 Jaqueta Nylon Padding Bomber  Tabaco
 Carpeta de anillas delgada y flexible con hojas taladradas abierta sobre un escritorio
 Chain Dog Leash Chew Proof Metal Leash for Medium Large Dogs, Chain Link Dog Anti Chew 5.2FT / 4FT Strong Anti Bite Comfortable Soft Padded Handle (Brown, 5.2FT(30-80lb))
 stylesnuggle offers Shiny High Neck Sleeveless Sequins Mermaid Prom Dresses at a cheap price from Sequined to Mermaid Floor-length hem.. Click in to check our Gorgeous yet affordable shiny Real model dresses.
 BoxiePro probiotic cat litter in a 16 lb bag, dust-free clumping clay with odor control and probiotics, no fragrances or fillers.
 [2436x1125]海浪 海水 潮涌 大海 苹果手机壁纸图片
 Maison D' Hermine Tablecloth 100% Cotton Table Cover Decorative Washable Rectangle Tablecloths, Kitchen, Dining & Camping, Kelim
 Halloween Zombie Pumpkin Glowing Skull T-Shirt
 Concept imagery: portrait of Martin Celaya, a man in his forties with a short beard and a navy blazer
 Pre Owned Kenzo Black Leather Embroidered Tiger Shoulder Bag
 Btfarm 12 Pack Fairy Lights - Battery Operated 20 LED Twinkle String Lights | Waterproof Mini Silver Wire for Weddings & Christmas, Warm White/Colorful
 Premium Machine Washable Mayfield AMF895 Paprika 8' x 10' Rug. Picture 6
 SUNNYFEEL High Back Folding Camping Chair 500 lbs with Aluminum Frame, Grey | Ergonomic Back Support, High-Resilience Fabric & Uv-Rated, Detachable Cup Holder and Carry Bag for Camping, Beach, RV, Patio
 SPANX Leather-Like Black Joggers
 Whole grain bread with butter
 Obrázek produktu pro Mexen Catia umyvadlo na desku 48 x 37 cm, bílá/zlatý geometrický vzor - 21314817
--------------------------------
--- WHAT THE TASK REQUIRES ---
Write the material above out in full, exactly as it reads.

--- EXPECTED ANSWER ---
 Jaqueta Nylon Padding Bomber  Tabaco
 Carpeta de anillas delgada y flexible con hojas taladradas abierta sobre un escritorio
 Chain Dog Leash Chew Proof Metal Leash for Medium Large Dogs, Chain Link Dog Anti Chew 5.2FT / 4FT Strong Anti Bite Comfortable Soft Padded Handle (Brown, 5.2FT(30-80lb))
 stylesnuggle offers Shiny High Neck Sleeveless Sequins Mermaid Prom Dresses at a cheap price from Sequined to Mermaid Floor-length hem.. Click in to check our Gorgeous yet affordable shiny Real model dresses.
 BoxiePro probiotic cat litter in a 16 lb bag, dust-free clumping clay with odor control and probiotics, no fragrances or fillers.
 [2436x1125]海浪 海水 潮涌 大海 苹果手机壁纸图片
 Maison D' Hermine Tablecloth 100% Cotton Table Cover Decorative Washable Rectangle Tablecloths, Kitchen, Dining & Camping, Kelim
 Halloween Zombie Pumpkin Glowing Skull T-Shirt
 Concept imagery: portrait of Martin Celaya, a man in his forties with a short beard and a navy blazer
 Pre Owned Kenzo Black Leather Embroidered Tiger Shoulder Bag
 Btfarm 12 Pack Fairy Lights - Battery Operated 20 LED Twinkle String Lights | Waterproof Mini Silver Wire for Weddings & Christmas, Warm White/Colorful
 Premium Machine Washable Mayfield AMF895 Paprika 8' x 10' Rug. Picture 6
 SUNNYFEEL High Back Folding Camping Chair 500 lbs with Aluminum Frame, Grey | Ergonomic Back Support, High-Resilience Fabric & Uv-Rated, Detachable Cup Holder and Carry Bag for Camping, Beach, RV, Patio
 SPANX Leather-Like Black Joggers
 Whole grain bread with butter
 Obrázek produktu pro Mexen Catia umyvadlo na desku 48 x 37 cm, bílá/zlatý geometrický vzor - 21314817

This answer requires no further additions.